# MinHash Similarity

# Incentive

In my day-to-day work I’m part of the development team that develops the DAST engine of the IBM AppScan products.

In layman’s terms it means we build an engine that “mimics” the behavior of a hacker that tries to find security weaknesses in a web application.

Such hacker would look at the web application as a black box, and would test several different malicious inputs to see if any response indicates a vulnerability he can exploit.

Our engine does exactly that, automatically! And therefore should be **quick** but still **accurate**.

One scenario that is very challenging for a DAST engine is when it needs to scan a web application that has thousands of pages. Usually with these kinds of web applications, it’s safe to assume that many of their pages are actually pointing to the same server-side functionality, so we can choose one page from each cluster to do the security tests on and avoid the redundancy of the others.

For example, let’s say we’re scanning cnn.com, this web application has many articles that differ only by their text content. Behind the scenes, the server-side functionality is exactly the same, and we can use this fact to only test one of these articles (pages) and safely assume that whatever we find (or don’t find) should be the same with all other similar articles.

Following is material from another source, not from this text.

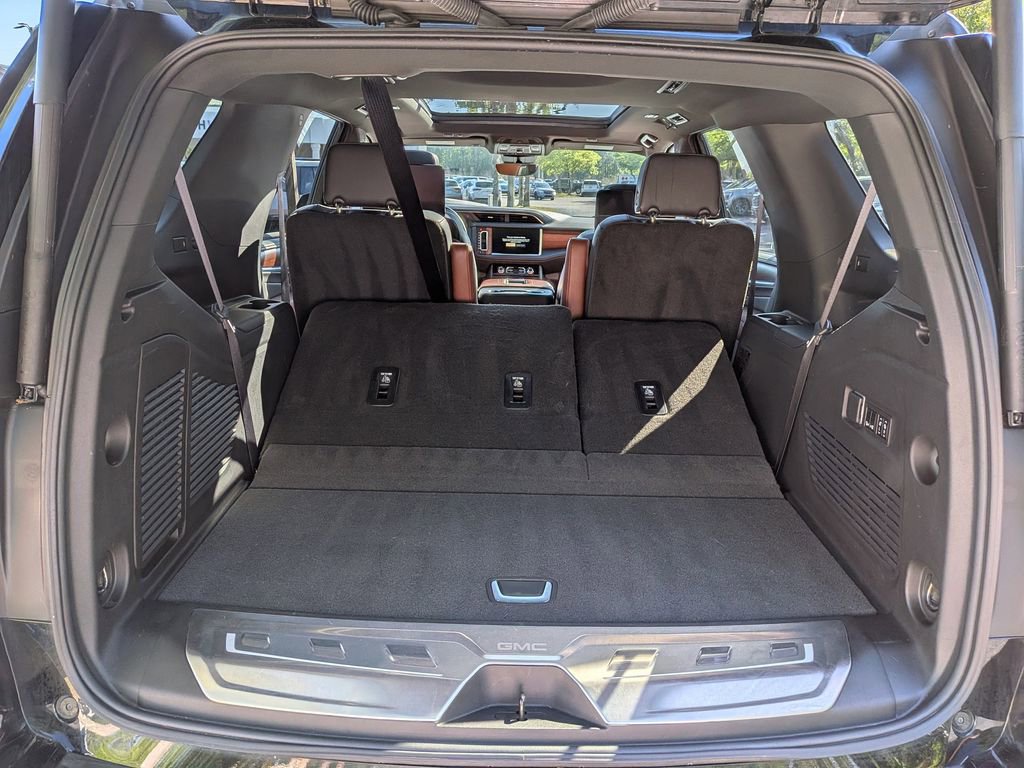 Used 2023 GMC Yukon Denali Ultimate image 12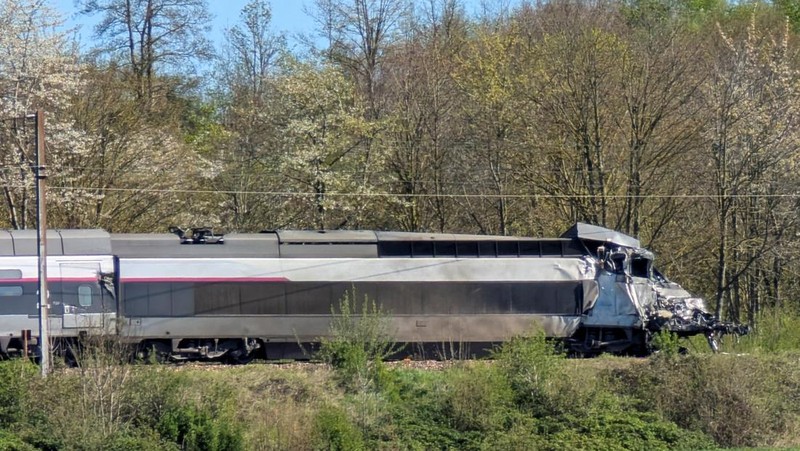 Sebuah kereta api berkecepatan tinggi yang rusak setelah bertabrakan dengan truk yang membawa peralatan militer di perlintasan sebidang, di Bully-les-Mines, Prancis, 7 April 2026. (REUTERS/Ardee Napolitano)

When dealing with this problem, you want to find a way to quickly determine whether a given page is a new page that security tests should apply to, or whether it can be skipped because it is structurally similar to a previous page that was already tested.

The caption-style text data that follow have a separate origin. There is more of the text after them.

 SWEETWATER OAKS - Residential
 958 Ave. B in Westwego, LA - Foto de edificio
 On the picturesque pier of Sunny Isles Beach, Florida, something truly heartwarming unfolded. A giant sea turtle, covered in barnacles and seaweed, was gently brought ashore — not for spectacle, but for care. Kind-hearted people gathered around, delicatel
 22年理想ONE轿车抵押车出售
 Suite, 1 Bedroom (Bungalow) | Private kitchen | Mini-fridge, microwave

To do so in AppScan, we’ve used the MinHash algorithm and Locality-sensitive hashing, and in this post I’ll be covering the technical details and math of these paradigms and give examples on how to use them.

A big shout-out to Ilan Ben-Bassat who came up with the idea to use MinHash and together with Erez Rokah implemented it on AppScan. And to Sagi Kedmi who helped teaching me about it, and encouraged me to write this blog post.

# Quick Jump

# The Basics

Before we can go into how MinHash works, we need to first talk about the Jaacard similarity coefficient.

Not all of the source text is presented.